The bride and groom preparing to ask for forgiveness.
The bride and groom preparing to ask for forgiveness.

“So when you are offering your gift at the altar, if you remember that your brother or sister has something against you, leave your gift there before the altar and go; first be reconciled to your brother or sister, and then come and offer your gift” Matthew 5:23-24 (NRSV).

This past weekend, I attended the wedding of two dear friends. The bride, music and ceremony were absolutely beautiful. I had a wonderful time because I was excited to witness the uniting of my two dear friends, and I was excited to reunite with so many of my college friends. Most of us haven’t seen each other in a long time because of jobs and babies.

Although the décor, lighting, music (performed by Nolan Williams, his choir and a string quartet) and food were exceptional, they weren’t what really stood out for me. What really set this wedding apart for me were the vows.

I’ve witnessed many weddings and even officiated a few, but I’ve never heard vows like the ones I heard during this wedding. The minister, who also happens to be the bride’s father, led the couple in asking each other for forgiveness before they joined together as husband and wife. They asked each other to forgive any and all offenses leading up to that day. As I reflected on their vows, I thought what better way to enter marriage than with forgiveness.

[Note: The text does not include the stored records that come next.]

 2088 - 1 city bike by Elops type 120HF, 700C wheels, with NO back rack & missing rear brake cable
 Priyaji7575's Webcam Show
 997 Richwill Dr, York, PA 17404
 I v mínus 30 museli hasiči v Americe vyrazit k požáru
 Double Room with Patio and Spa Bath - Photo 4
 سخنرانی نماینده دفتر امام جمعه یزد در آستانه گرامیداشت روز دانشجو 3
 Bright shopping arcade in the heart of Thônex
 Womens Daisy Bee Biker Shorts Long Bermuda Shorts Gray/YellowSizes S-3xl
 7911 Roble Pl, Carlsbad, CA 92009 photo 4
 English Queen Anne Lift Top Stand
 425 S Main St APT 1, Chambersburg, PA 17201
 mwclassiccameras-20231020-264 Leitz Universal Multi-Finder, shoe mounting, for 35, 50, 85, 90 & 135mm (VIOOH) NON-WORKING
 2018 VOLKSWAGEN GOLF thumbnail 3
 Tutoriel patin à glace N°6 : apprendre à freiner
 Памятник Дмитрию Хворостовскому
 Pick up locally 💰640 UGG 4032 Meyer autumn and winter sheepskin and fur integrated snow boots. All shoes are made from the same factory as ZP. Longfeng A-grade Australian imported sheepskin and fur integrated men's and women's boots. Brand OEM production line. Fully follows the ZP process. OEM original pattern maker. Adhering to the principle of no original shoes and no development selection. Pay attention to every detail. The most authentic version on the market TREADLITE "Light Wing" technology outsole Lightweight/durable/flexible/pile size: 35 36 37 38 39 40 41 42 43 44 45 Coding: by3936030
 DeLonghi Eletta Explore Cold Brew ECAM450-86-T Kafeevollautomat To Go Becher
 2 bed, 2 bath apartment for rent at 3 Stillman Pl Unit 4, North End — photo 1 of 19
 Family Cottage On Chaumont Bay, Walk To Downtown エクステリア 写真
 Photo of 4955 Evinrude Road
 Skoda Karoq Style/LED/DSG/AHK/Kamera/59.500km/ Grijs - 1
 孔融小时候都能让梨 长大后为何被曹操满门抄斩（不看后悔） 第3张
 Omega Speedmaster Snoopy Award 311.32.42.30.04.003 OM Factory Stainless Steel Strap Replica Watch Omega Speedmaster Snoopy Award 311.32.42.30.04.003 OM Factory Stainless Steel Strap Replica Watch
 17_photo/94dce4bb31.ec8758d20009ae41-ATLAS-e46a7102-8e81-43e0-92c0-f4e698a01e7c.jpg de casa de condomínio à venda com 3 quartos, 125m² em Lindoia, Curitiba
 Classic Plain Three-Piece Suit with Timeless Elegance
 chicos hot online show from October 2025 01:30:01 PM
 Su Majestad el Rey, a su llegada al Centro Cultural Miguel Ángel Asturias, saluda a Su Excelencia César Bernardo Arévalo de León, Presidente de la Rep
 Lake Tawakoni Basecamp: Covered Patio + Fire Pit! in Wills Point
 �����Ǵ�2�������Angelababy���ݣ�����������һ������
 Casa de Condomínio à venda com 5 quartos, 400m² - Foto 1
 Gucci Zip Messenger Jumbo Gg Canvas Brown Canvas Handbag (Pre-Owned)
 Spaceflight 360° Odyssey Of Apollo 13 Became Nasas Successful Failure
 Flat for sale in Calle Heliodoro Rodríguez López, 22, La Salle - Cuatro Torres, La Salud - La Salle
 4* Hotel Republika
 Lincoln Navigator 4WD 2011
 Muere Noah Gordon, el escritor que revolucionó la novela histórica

Anyone who is or has been married knows that marriage is filled with moments of forgiveness. Robert Quillen said, “A happy marriage is the union of two good forgivers.” I believe starting their new life together by asking for forgiveness sets a wonderful tone for the marriage. Why? Because I believe asking for forgiveness puts you in the proper posture for marriage, which is humility. When you ask for forgiveness, you acknowledge that you don’t know everything and that you don’t always do everything right. When you ask for forgiveness, you set your pride aside and admit that there are some things you’ve done wrong. This posture of humility and forgiveness is so important in marriage because two people are embarking on a lifelong spiritual journey of learning how to become one. Learning how to become one isn’t intuitive, and it isn’t always easy. However, when you’re in the proper posture of humility and forgiveness, you’ve already won half the battle. Imagine how fruitful all of our relationships would be if we just humbled ourselves and asked for forgiveness.

A powerful moment when a mother asks her son for forgiveness

“For if you forgive others their trespasses, your heavenly Father will also forgive you; but if you do not forgive others, neither will your Father forgive your trespasses” Matthew 6:14-15 (NRSV).

Forgiveness is a major part of a believer’s life. We are reconciled to God because He forgave us through Jesus’ atoning work on the cross (Romans 3:21-26; 2 Corinthians 5:19). As a result of God’s graciousness, we are to forgive others because God’s forgiven us. If marriage is supposed to be a representation of Christ’s love for the church, I think beginning with forgiveness is an awesome start and sets a wonderful standard.